(TASK STATEMENT)
The line with "Die Feldschützen Erlenbach-Latterbach" marks the first line to copy, and the line with "Baru-baru ini Luna" marks the last. Transcribe that stretch of the data below exactly, without pictures.

(MATERIAL FOR THIS EXERCISE)
○ ○ ○ ○ ○ ○ ○

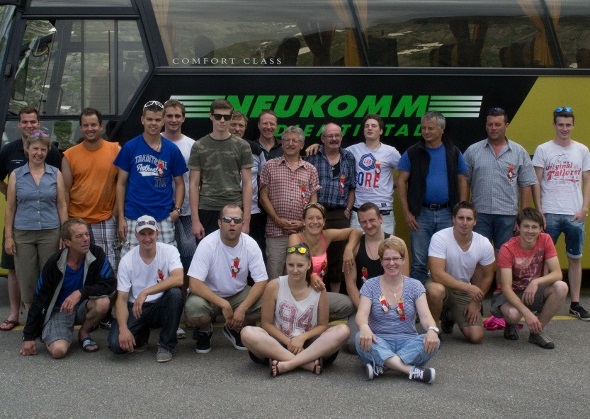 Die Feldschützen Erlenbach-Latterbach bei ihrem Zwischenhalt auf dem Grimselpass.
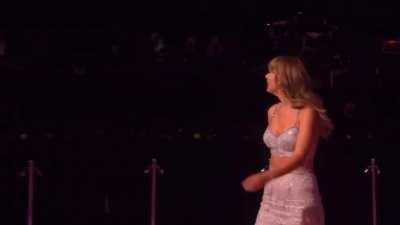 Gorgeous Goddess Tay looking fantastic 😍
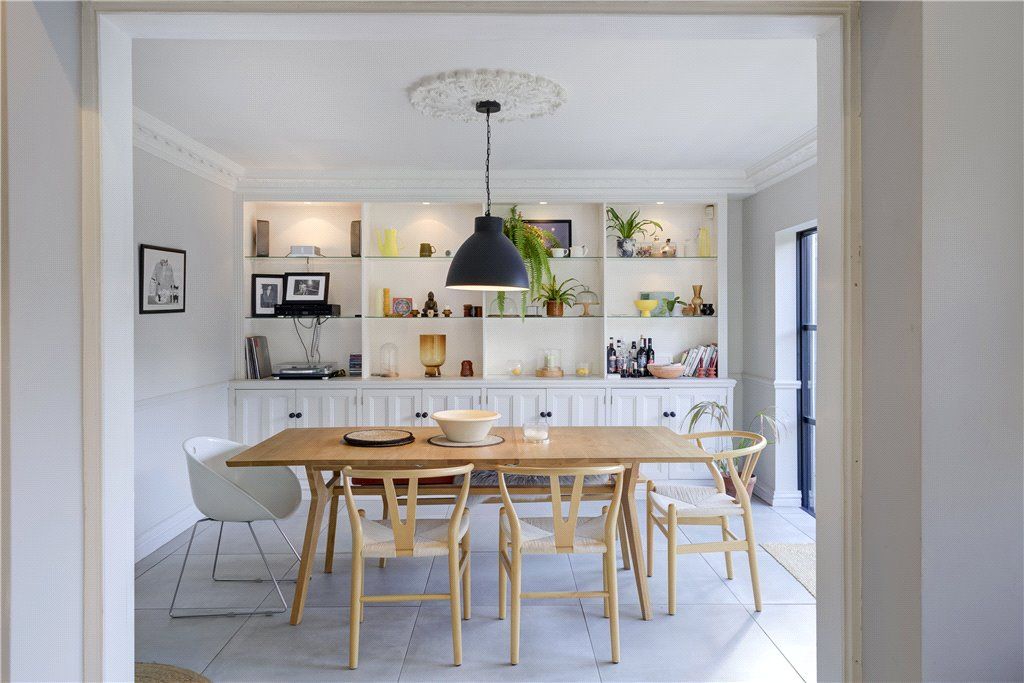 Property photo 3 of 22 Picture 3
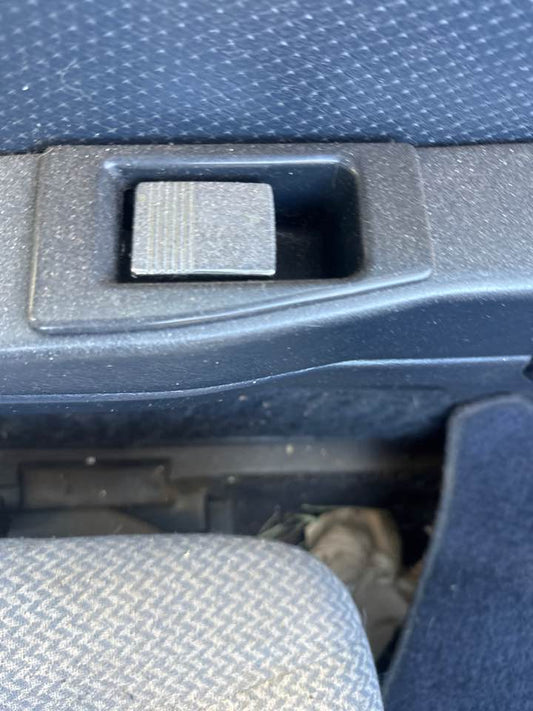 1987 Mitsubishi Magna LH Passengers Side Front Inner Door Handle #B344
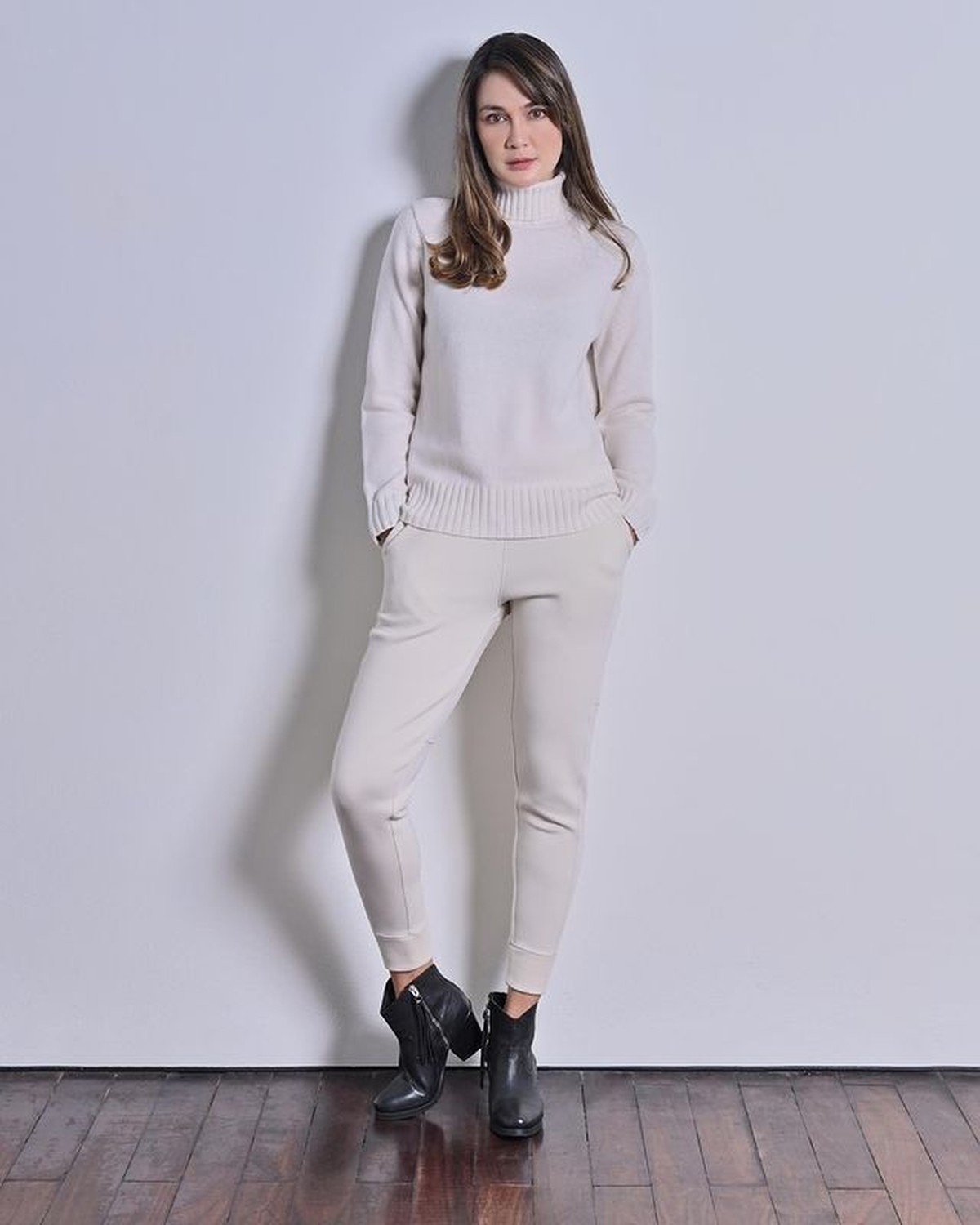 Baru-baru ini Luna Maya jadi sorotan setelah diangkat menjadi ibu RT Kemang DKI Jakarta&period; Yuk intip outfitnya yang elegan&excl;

○ ○ ○ ○ ○ ○ ○

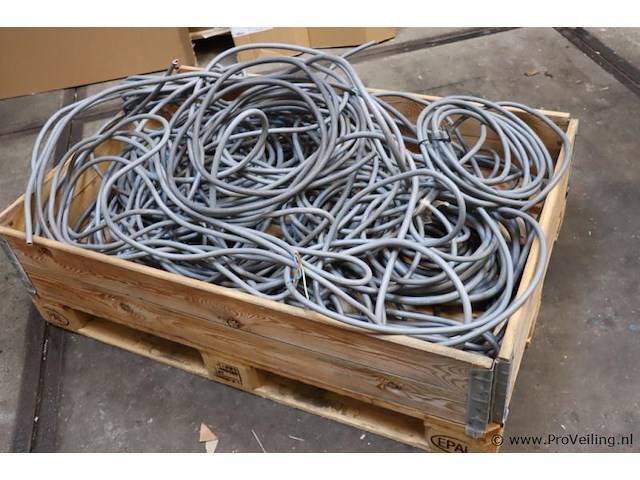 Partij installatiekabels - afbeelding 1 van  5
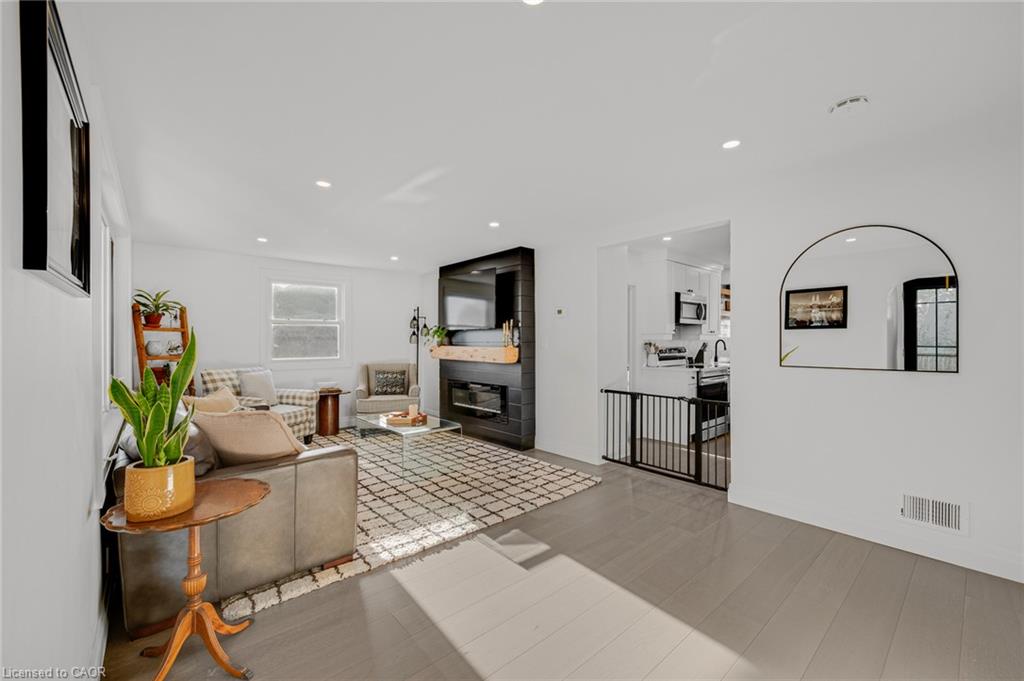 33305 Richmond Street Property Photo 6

○ ○ ○ ○ ○ ○ ○

(ANSWER BELOW)
 Die Feldschützen Erlenbach-Latterbach bei ihrem Zwischenhalt auf dem Grimselpass.
 Gorgeous Goddess Tay looking fantastic 😍
 Property photo 3 of 22 Picture 3
 1987 Mitsubishi Magna LH Passengers Side Front Inner Door Handle #B344
 Baru-baru ini Luna Maya jadi sorotan setelah diangkat menjadi ibu RT Kemang DKI Jakarta&period; Yuk intip outfitnya yang elegan&excl;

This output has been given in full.